Nuclear Waste Disposal
Wednesday, June 2, 2004; Page A24
WHEN IT COMES to the long-term storage of waste created during the manufacture of nuclear weapons, there are no easy solutions: These are materials that will remain radioactive for tens of thousands of years, and none of the scientific arguments about them are settled. For that reason, many were surprised last month to find that the Senate Armed Services Committee -- which doesn't usually make nuclear waste disposal rules -- has proposed to significantly change policy by inserting two paragraphs into the Defense Department authorization bill, after no testimony, no hearings and no public discussion.
If passed, these paragraphs could allow the Energy Department to clean up at least one site -- the underground nuclear waste storage tanks at the Savannah River facility in South Carolina -- "to the maximum extent practical," a standard that other legislators, notably Sen. Maria Cantwell (D-Wash.), say is vague and legally unprecedented. Both Ms. Cantwell and environmental groups say the department could, using this standard, cover a large quantity of radioactive sludge with concrete rather than removing the material -- an expensive but not impossible process -- for long-term storage at the Yucca Mountain site in Nevada. They also say that the standard would inevitably apply to Idaho and Washington, the two other states with underground storage tanks.
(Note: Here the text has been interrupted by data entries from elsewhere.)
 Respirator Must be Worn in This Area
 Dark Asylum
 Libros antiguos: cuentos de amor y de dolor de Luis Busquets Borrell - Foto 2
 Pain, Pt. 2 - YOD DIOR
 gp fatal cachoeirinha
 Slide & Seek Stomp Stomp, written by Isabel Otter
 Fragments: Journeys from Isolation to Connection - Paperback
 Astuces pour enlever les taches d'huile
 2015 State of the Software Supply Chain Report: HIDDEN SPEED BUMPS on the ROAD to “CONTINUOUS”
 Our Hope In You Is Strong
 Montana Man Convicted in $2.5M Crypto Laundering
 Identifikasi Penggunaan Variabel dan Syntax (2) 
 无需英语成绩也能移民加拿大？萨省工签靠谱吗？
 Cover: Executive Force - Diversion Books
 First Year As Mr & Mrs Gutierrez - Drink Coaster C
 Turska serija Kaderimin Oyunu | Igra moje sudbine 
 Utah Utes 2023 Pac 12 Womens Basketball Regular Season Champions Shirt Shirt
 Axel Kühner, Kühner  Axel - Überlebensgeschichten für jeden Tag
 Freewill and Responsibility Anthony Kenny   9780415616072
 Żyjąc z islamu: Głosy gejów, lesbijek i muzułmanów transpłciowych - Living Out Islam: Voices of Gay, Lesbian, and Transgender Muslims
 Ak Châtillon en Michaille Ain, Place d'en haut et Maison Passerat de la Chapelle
By contrast, Sen. Lindsey O. Graham (R-S.C.), author of the legislation, argues that the changes will expedite the long-delayed cleanup in South Carolina and give his state control over the process, without forcing Idaho or Washington to accept the same conditions. To prove his point, Mr. Graham has offered an amendment designed to prevent the Energy Department from "rewarding" South Carolina for its cooperation with extra funding, and he says he will support more explicit language if necessary. For her part, Ms. Cantwell has offered an amendment striking out the relevant paragraphs altogether.
At its heart, this argument -- which was acrimonious enough to stall the entire defense bill before the Memorial Day recess -- is about the lack of any national agreement about what "clean" means in the case of a nuclear waste site and about the absence of meaningful standards for the classification of nuclear waste. Everyone involved agrees that the federal government is ultimately responsible for disposing of the waste in these three sites. Nobody agrees on who determines when the disposal has been completed. But clearly, a situation in which states compete to reach private agreements with the Energy Department and then rush to put them into legislation is untenable. Congress should take this political spat as a sign that the previous rules still aren't working, determine clear jurisdiction and ensure that decisions are ultimately made according to the best scientific standards, not as the outcome of a political battle between states.